SPRING FORWARD IN SPIRIT AND FLESH

It is indeed raining when I arrive at Yufu-in, but I know it will let up. That’s how it works here: drizzle, pour, abate, over and over.

I find the recommended to me older inn that has a reputation for having good hot springs for bathing (‘Musoen’). Now what? Oh, the embarrassing questions that one must ask. ‘Where do I go’ is the easy one. How about ‘what do I do then?’ Unfortunately no one speaks English and so I enter into the realm of trial and error. I shall not go into the error parts. Use your imagination.

Finally, though, I am there, with the women, squatting in a large pond of steaming water, with a view of the valley below.



There is an extended, beamed roof for those who want to stay away from the ‘elements.’ There are also rocks throughout and some take advantage of those, sitting like seals at the oceanfront, waiting for the inspiration to do another dip. The water is too warm to stay in for endless stretches.



For me, the very best, the absolutely very best is to sit half in, half out and to feel the very light rain prickling with its cool but not cold drops, while the warm spring water works its way up the lower limbs. Heaven.

Anywhere from 3 to 10 women are in the hot spring at a time (sometimes in three-generation sets of grandmother, daughter and toddling granddaughter), but there are plenty of corners and spaces so that you can have solitude if that is what you crave. Everyone is at once discreet and open. You learn quickly what is allowed and what is considered shocking.

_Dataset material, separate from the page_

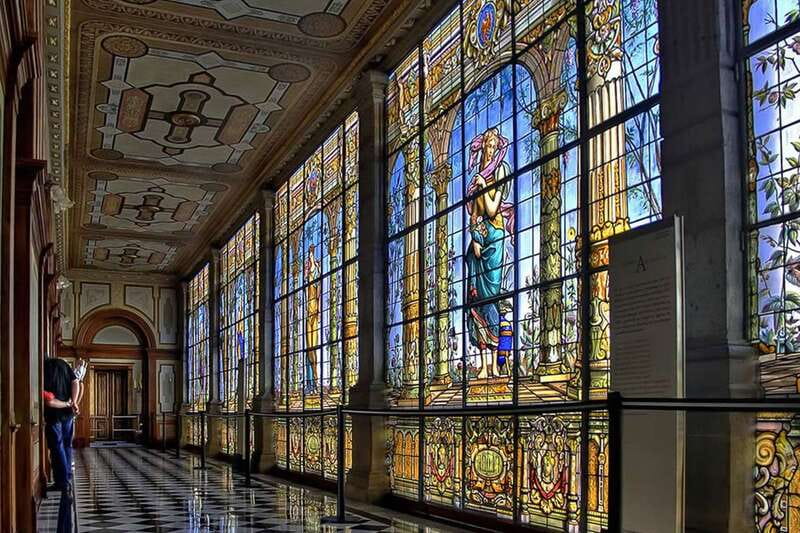 Mexico City: Chapultepec Castle and Anthropology Museum Tour - The coffee stop and walk through Chapultepec Park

I want to post a photo of one of the pre-soak shower stalls because I groaned so much about the scrub-down in my earlier Matsushima post. Please do note the number of soaps you have to work with. Is this indicative of obsessive cleanliness, or what?

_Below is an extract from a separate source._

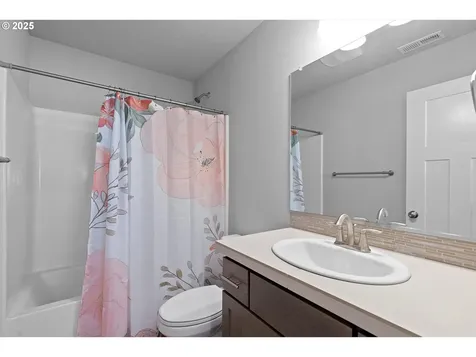 2598 NW Meadows Drive Mcminnville OR 97128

And I do have a locker secret to reveal: so many of the women here wear firming half-tights under the slacks. I was surprised. They hardly need corset-like additions – for the most part, they are slender. Is it vanity? Is it a long-term firming device? I do not know.

I don’t want to so often write about money issues, but this ‘day at the spa’ was shocking in terms of price. Let me give the low-down (divide by roughly 100 for the dollar amount):
- croissant at station: 150 Y
- coffee at station: 250 Y
- train to and from hot springs: free because of JR pass
- day at the fancy hot spring spa: 600 Y. I might note that this is one fourth the price of a day-guest pass at the Princeton Club in Madison.
Japan is full of surprises.


THE SPICE OF LIFE

I had dinner with two of my law colleagues here. I had always thought that they were a bit at odds with each other, but tonight proved me wrong. One of them brought along a friend – a Fukuoka prosecutor who was teaching a class this year at the university. The prosecutor did not speak English well and so much of the time the conversation between the three of them was in Japanese. That was fine. Occasionally someone translated, but more often, all three got lost in the spirit of their talk. It was so animated that it was a pleasure to watch.

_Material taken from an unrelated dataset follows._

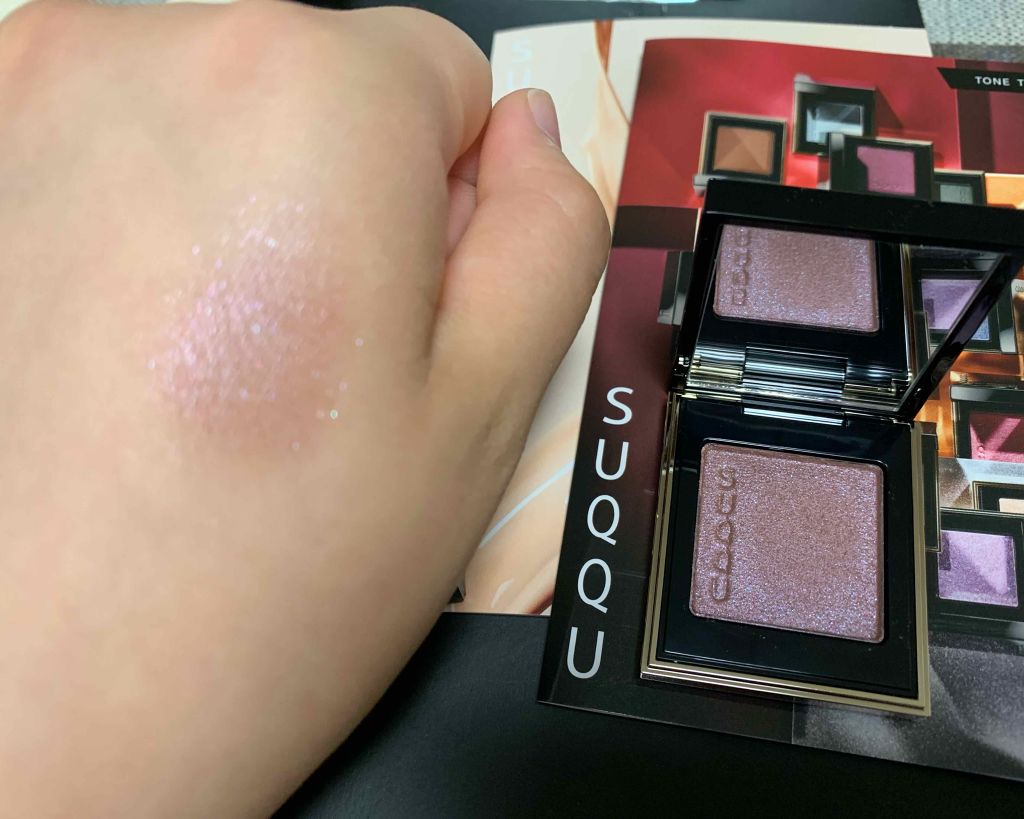トーン タッチ アイズ/SUQQU/単色アイシャドウを使ったクチコミ(2枚目)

We ate at a Chinese place, run by a former student of theirs, a prominent Tokyo international law attorney who had decided that he had had enough of the legal culture. He opened the restaurant and has been successfully in business for a number of years now. I talked to him for a bit – the restaurant world is different in Fukuoka than in the States. For one thing, it is surprisingly more egalitarian here. Cooks from his place routinely travel to Shanghai and come back with ideas for dishes which are then incorporated into the menu. The chefs in the States and in Europe cling fiercely to their hegemonic rule in the kitchen. Even at “Madison-pseudo democratic” l’Etoile, ideas of line cooks are only given token recognition. The chef makes all menu decisions and rarely does she encourage the cooking staff to come forth with suggestions.

The post is getting long. Let me just end on a fiery note: I have never seen a dish of this nature: chicken with chopped hot peppers. It is FIERCELY spicy, demonically so. If you ingest just one sliver of the hot stuff, you will surely gag. One of us did tonight. For once, the error was not mine.